When the system 1500 is in operation, the processor 1502 is configured to execute the software 1508 stored within the memory 1506, to communicate data to and from the memory 1506, and to generally control operations of the system 1500 pursuant to the software 1508, as explained above.

Seventh Embodiment: Luminaire with Switchable Surfaces

Electrically switchable optical elements such as switchable mirrors or switchable scattering elements may be used for varying the output light pattern of a lighting module or luminaire. For example, a light with electrically variable scattering properties may be changed depending on the purpose for which the light is being used. A controller controls one or more electrically adjustable optical elements and one or more light sources. The electrically adjustable optical element may include, for example, a passive beam-shaping element and a controllable scattering element.

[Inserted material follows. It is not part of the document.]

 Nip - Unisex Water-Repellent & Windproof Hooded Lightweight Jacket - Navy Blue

An exemplary luminaire 1600 under a seventh embodiment of the present invention, shown in FIG. 16, has a light source 1610 and multiple switchable surfaces 1651-1656 which include elements which can be electrically controlled to substantially change their appearance. For example the multiple switchable surfaces 1651-1656 may have a first state in which they are substantially optically transparent and a second state in which they are optically scattering. Under the seventh embodiment, the light source 1610 and switchable surfaces 1651-1656 need not be rapidly switched. However, there is no objection to rapidly switching one or more of the surfaces 1651-1656, as described in embodiments one through six, for example, to change the color of one or more of the surfaces 1651-1656 with respect to the light source 1610.

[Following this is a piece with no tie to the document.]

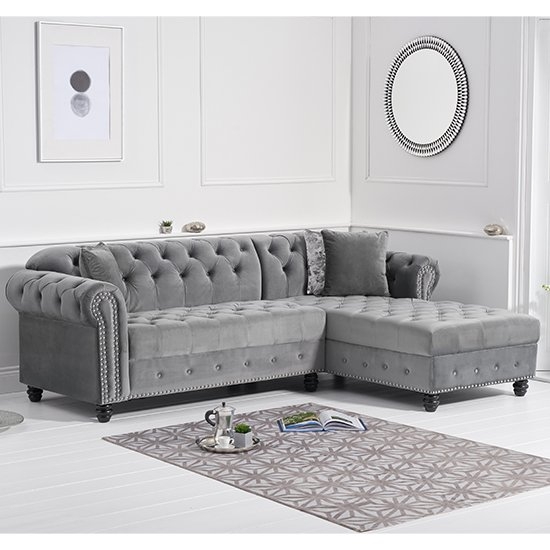 Barbican Right Facing Velvet Upholstered Chaise Sofa In Grey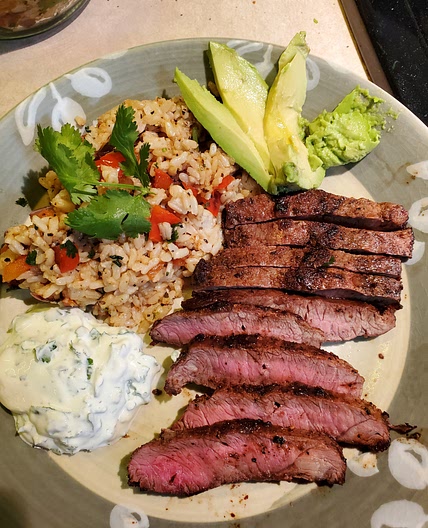 Flank Steak with citrus-cilantro rice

When the luminaire 1600 is viewed those switchable surfaces 1651-1656 which are in the first state have a low visibility while those switchable surfaces 1651-1656 which are in the second states become visible and along with other components of the luminaire which are not transparent largely determine the appearance of the luminaire 1600.

By changing the state of the switchable surfaces 1651-1656, the appearance of the luminaire 1600 and the illumination effect created by the luminaire 1600 can be modified. For example the luminaire 1600 can be made to appear larger or smaller or the shape of its surface can appear to change by selectively controlling the switchable surfaces 1651-1656.

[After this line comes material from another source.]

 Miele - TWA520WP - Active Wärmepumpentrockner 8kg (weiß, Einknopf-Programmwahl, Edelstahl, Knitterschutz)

The exemplary luminaire 1600 may be formed, for example, using sheets of electrically switchable material which largely enclose the light source 1610. The switchable surfaces 1651-1656 may be, for example, a polymer dispersed liquid crystal material in which the degree of light scattering within the material can be controlled by varying the magnitude of the applied alternating voltage. When there is no voltage applied. the material is highly scattering and acts to both limit the amount of light transmitted through the material and to cause the light that is transmitted to be scattered so that it become highly diffuse in character. As the magnitude of the alternating voltage is increased, the material becomes gradually less scattering with more light being transmitted through the material. The light becomes less diffuse and more directional in character. By dividing the material into a number of independently controlled sections, 1651-1656, the luminaire 1600 may be controlled to determine the distribution of light that it creates.

FIG. 16 shows a case where all of the switchable surfaces 1651-1656 are in the scattering state. Under these conditions, a bright illumination pattern 1620 is only created directly below the luminaire 1600, since the light does not pass directly through the scattering sections 1651-1656. Further away from the luminaire 1600, a diffuse background illumination effect may be created by light which is scattered by the sections 1651-1656.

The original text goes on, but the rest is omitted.